An obligation rated ‘B’ is more vulnerable to nonpayment than obligations rated ‘BB’, but the obligor currently has the capacity to meet its financial commitment on the obligation. Adverse business, financial, or economic conditions will likely impair the obligor’s capacity or willingness to meet its financial commitment on the obligation.
A short-term obligion rated ‘B’ is regarded as vulnerable and has significant speculative characteristics. The obligor currently has the capacity to meet its financial commitments; however, it faces major ongoing uncertainties which could lead to the obligor’s inadequate capacity to meet its financial commitments.
B rated companies lack the usual structures to secure their future. Negative business developments or changes in the general financial and economic conditions will most likely make it impossible for them to fulfil their financial obligations in a suitable manner.

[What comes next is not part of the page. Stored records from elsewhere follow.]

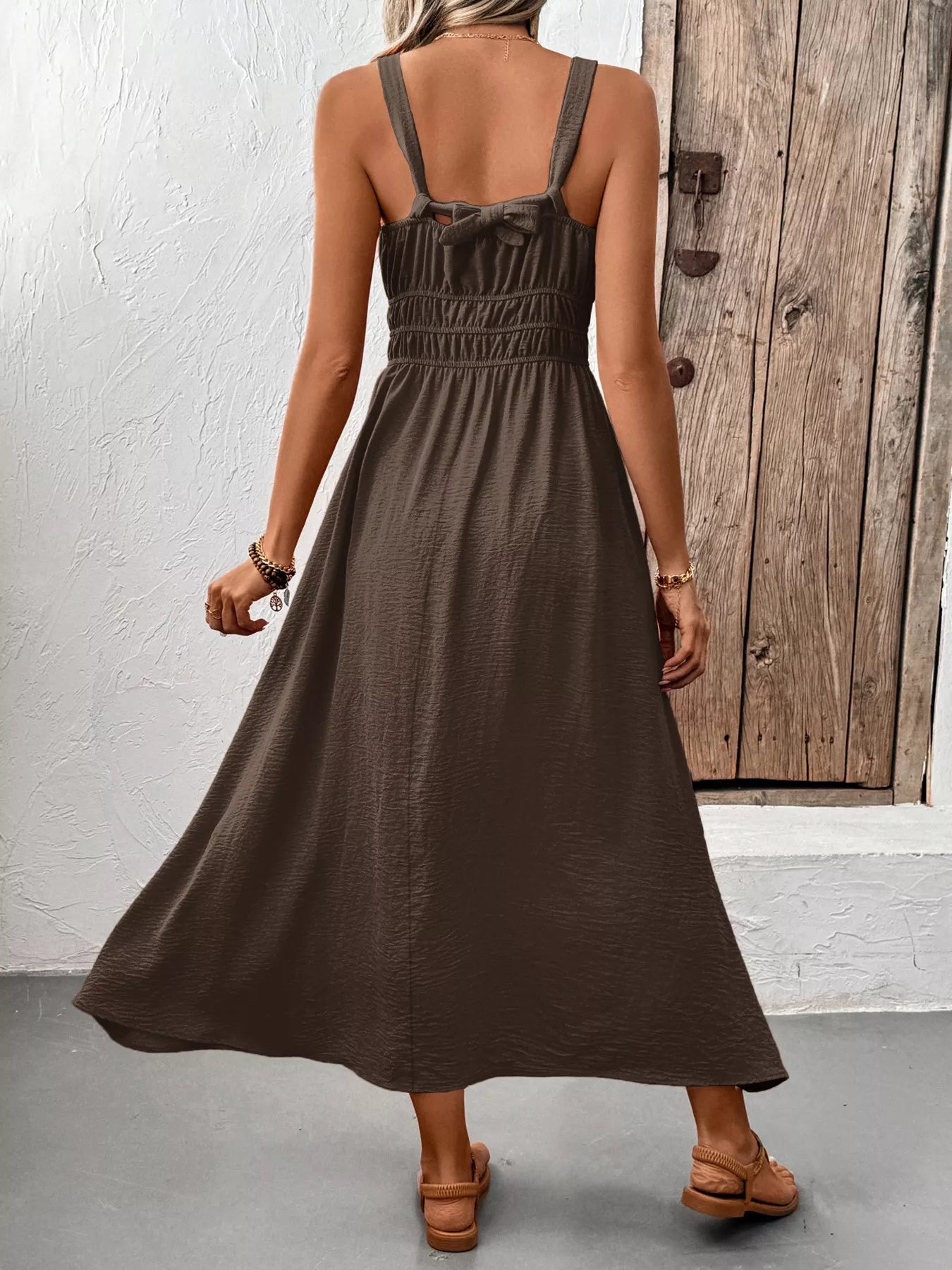 Cedar & Moore sleeveless taupe smocked midi dress with wide straps, back bow, flowy skirt
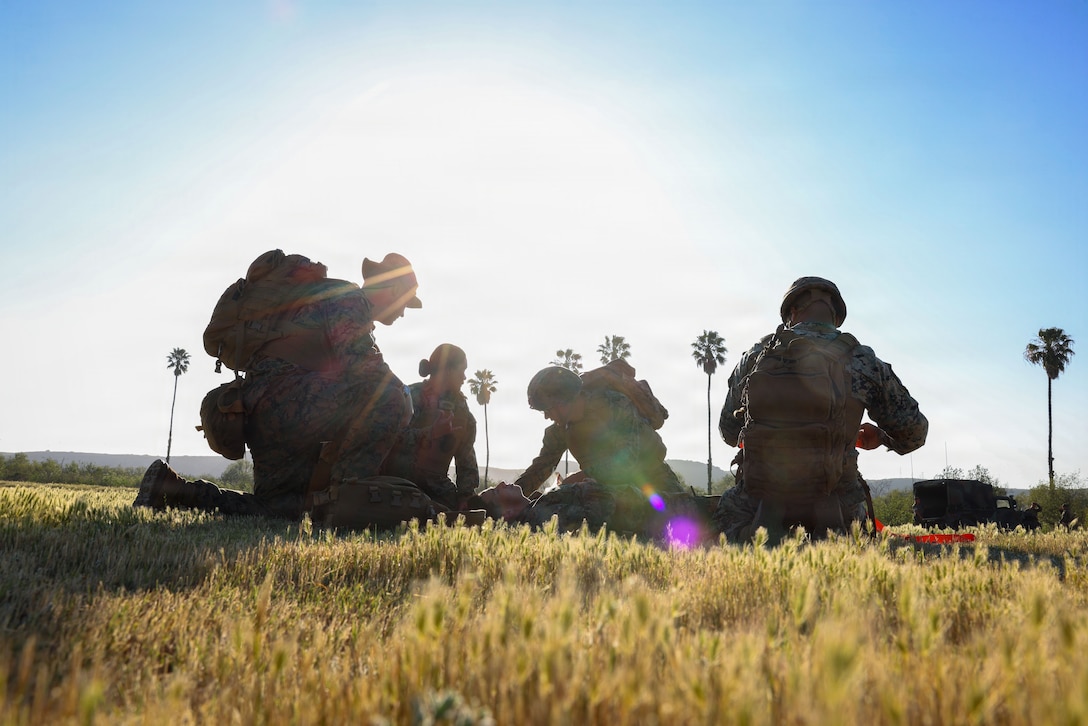 U.S. Marines with 9th Communication Battalion, I Marine Expeditionary Force Information Group, conduct a tactical combat casualty care training during a deployment readiness air confidence operation at Marine Corps Base Camp Pendleton, California, March 24, 2026.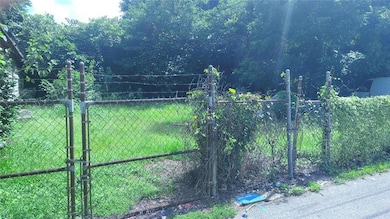View of yard featuring a gate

Why are there no legally binding definitions of rating symbols here? Depending on the subject of the rating and the scope of application, different legal framework conditions apply, which also differ in states of different legal systems. Rating scales are the subject of a development that has lasted for more than a century. Rating agencies continue to develop their scales due to new insights, improved analytical techniques and growing or changing market requirements. Therefore, in each individual case, the evidence of a rating is to be examined as to which statement should be made with a rating. Depending on the time, subject and other conditions, rating symbols are to be interpreted differently. Therefore, we recommend detailed advice. Why are rating agencies not mentioned here by name? It is the responsibility of each rating agency to provide its definitions of rating symbols and, if necessary, to update them. It happens that different rating agencies use the same rating symbols, sometimes with comparable but sometimes with different meanings. The definitions offered by rating agencies need to be questioned because in rare cases the wording of the definitions is ambiguous and promises, for example, a certainty of judgment that we at RATING EVIDENCE can not confirm empirically.